Je ne sais pas trop ce qui m'arrive. Est-ce que la personne qui m'a enlevé sait voler? Ou alors c'est une machine hyper sophistiquée qui peut voler? Ou alors... Ou alors... Je n'en ai aucune idée. Mais, aussi bizarre que cela puisse paraître, je n'ai absolument pas peur.

Alors qu'on survole à présent ma ville à toute vitesse, je me décide à réagir en donnant des coups de pieds derrière moi, faute de pouvoir faire mieux. Ce n'est pas parce que je n'ai pas peur que je vais forcément me laisser aller, comme ça. La main sur ma bouche part pour me serrer à m'en étouffer contre la chose dans mon dos.

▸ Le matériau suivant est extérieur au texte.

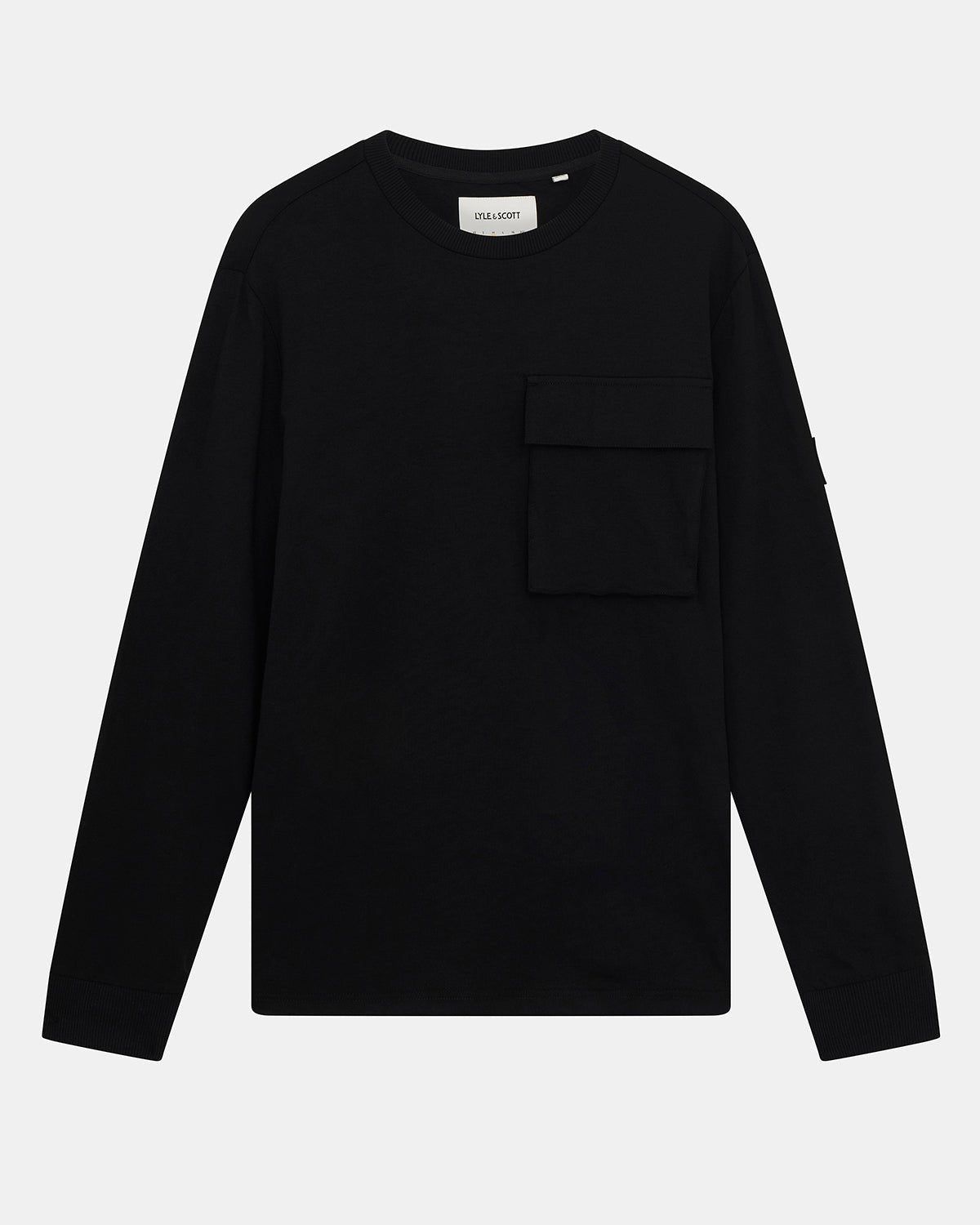 Casuals Pocket Long Sleeve T-Shirt sold by Lyle & Scott product image thumbnail 5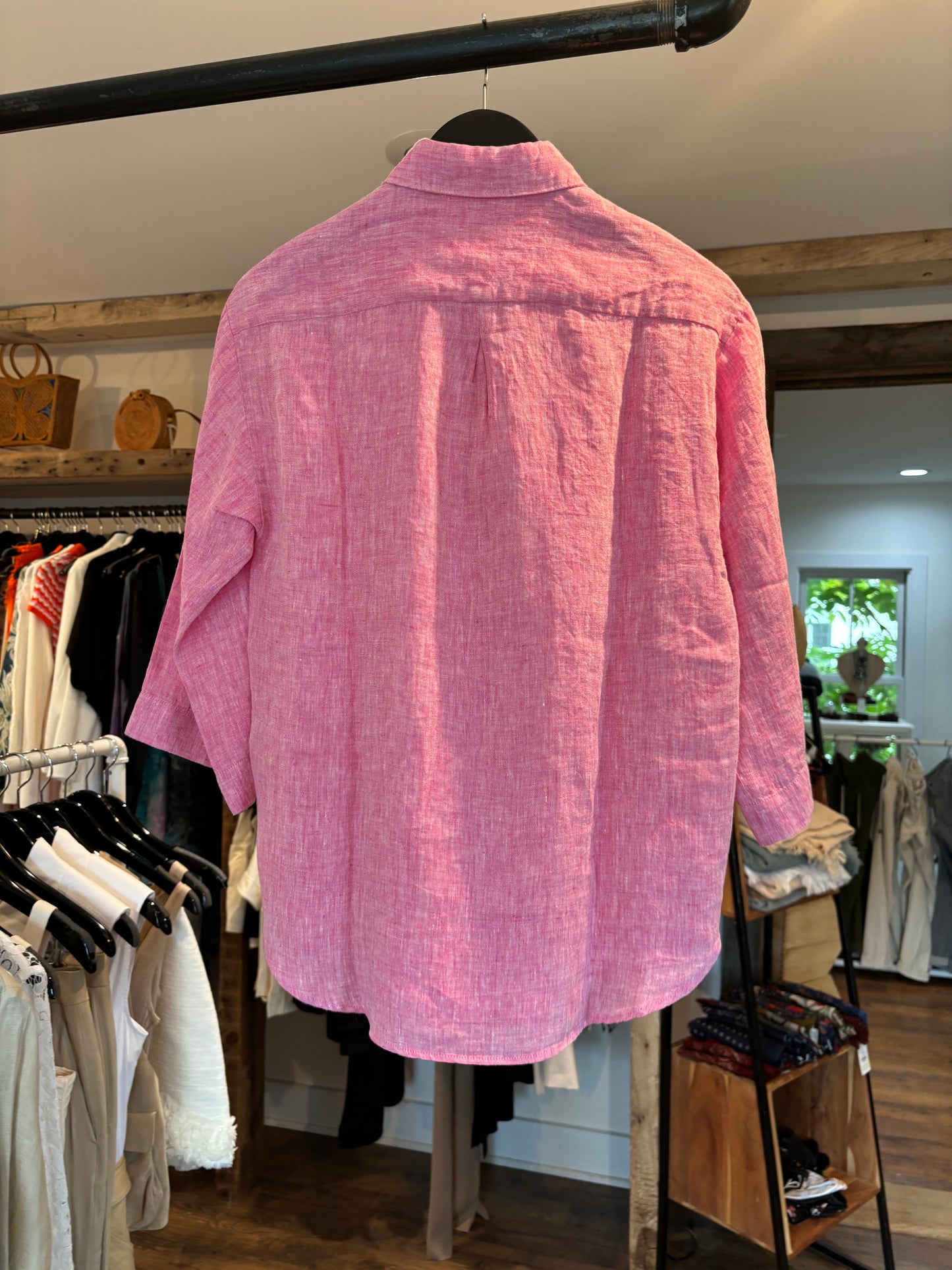 Hartford Cosy Top in Dark Pink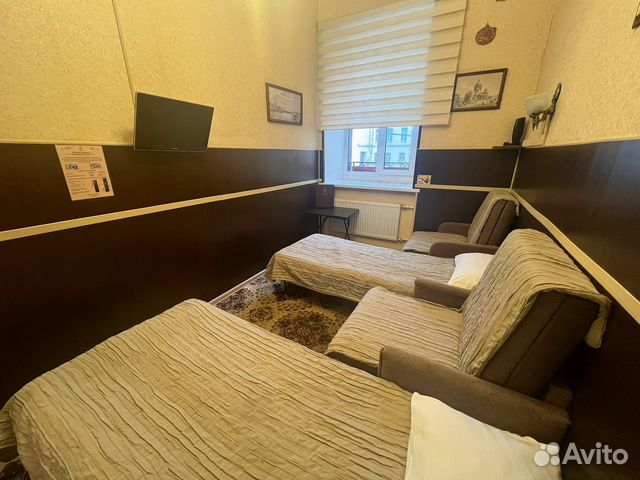 

Квартира-студия, 14 м², 4 кровати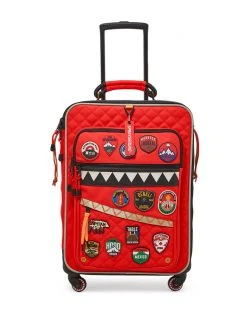 SPRAYGROUND® THE GLOBAL EXPEDITION CARRY-ON LUGGAGE 22 SPRAYGROUND® THE GLOBAL EXPEDITION CARRY-ON LUGGAGE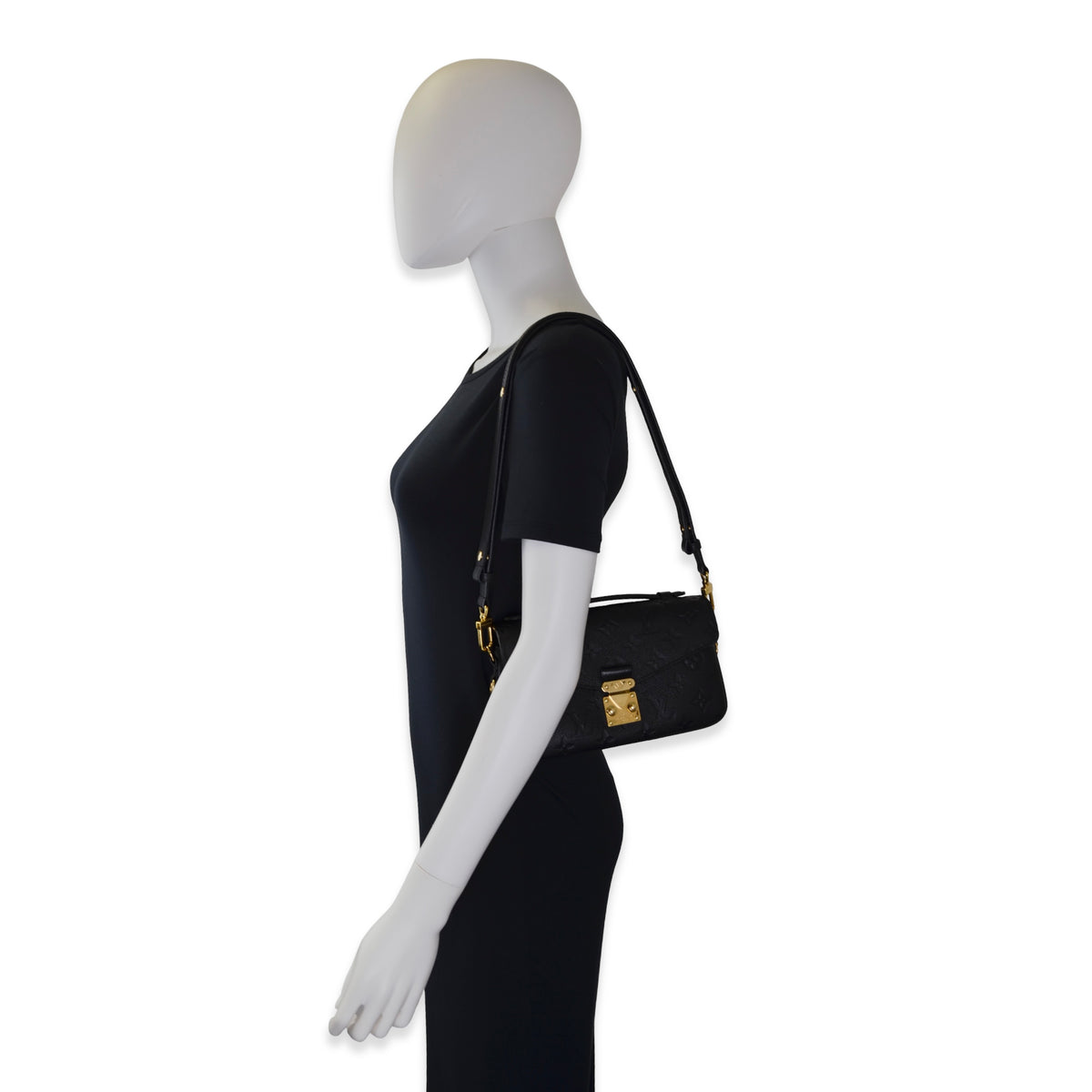 Louis Vuitton Monogram Empreinte East West Metis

J'entends un "arrête!" masculin et anglais juste à côté de mon oreille. Ça me fait grimacer. Il pourrait pas crier ailleurs, lui? C'est que j'ai besoin de mes oreilles pour le chant, et pour la vie quotidienne, d'ailleurs.

En pensant au chant, je me reprends. Je ne sais pas exactement ce qu'il m'arrive, mais ça ne me plaît pas du tout, comme histoire. Si je dois atterrir je-ne-sais-où sans pouvoir continuer mes cours de chant (je sais, il n'y a que ça qui me préoccupe en cette situation complètement improbable), je peux en mourir.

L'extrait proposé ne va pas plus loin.